BILLINGS, Montana — A teacher who was accused of sexual misconduct at Lake Stevens High School has been placed on administrative leave with his new employer in Shepherd, Montana, outside of Billings.
Thomas “Chris” Mattingly, 48, was put on leave Jan. 8, according to documents provided by Shepherd Public Schools Superintendent Scott Carter. The district recently received a report about what had happened in Lake Stevens. Then Carter found articles published online by The Daily Herald in Everett.
The Herald found Mattingly “had been disciplined repeatedly for what the school district defined as ‘deeply troubling’ sexual misconduct” while teaching in Lake Stevens, dating back to 2001.
He resigned in February 2016 after police investigated him for having a relationship with a former student. Prosecutors declined to file charges because the student was 18 years old, and the relationship started after she graduated.
A subsequent Herald investigation revealed that Mattingly had been investigated at least five times for inappropriate relationships with current or former students. He also was disciplined for looking at porn on his school computer.
Mattingly was hired by Shepherd High School this school year to teach health and physical education. He received a standard Montana teaching license in July, according to a state website.
Mattingly’s statements in Montana about his time in Lake Stevens contradicted the published reports, according to Shepherd’s first letter placing him on leave.
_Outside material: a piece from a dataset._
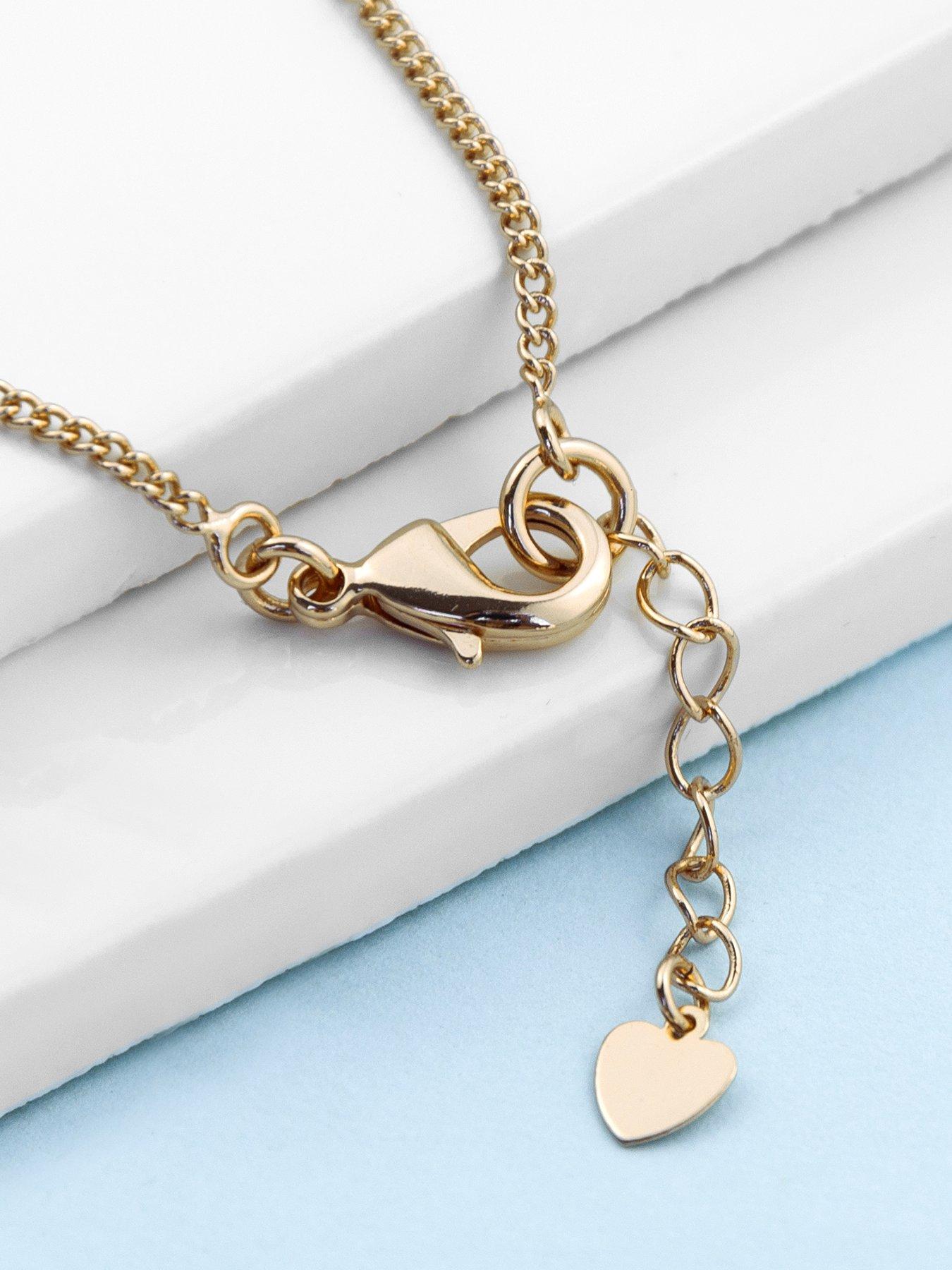 Image 3 of 4 of Treat Republic Personalised Rings of Love Necklace in Gold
Carter, the superintendent, said he couldn’t comment further, but a second letter dated Jan. 12 extends Mattingly’s leave through the end of this school year. The school district also is recommending against renewing Mattingly’s contract, documents show.
New employees are required to undergo an FBI fingerprint and background check, and the school district looks at references and tries to call previous workplaces, Carter said.
However, the Lake Stevens School District had no record of anyone from Shepherd contacting them, a spokeswoman said.
Mattingly also passed muster with the state of Montana. He applied for a Montana teaching license Feb. 28, and it was granted in July. Part of the reason he wasn’t flagged was because he still has a Washington teaching license.
Shepherd has notified the Montana Office of Public Instruction about the matter, and the office said it is conducting a review.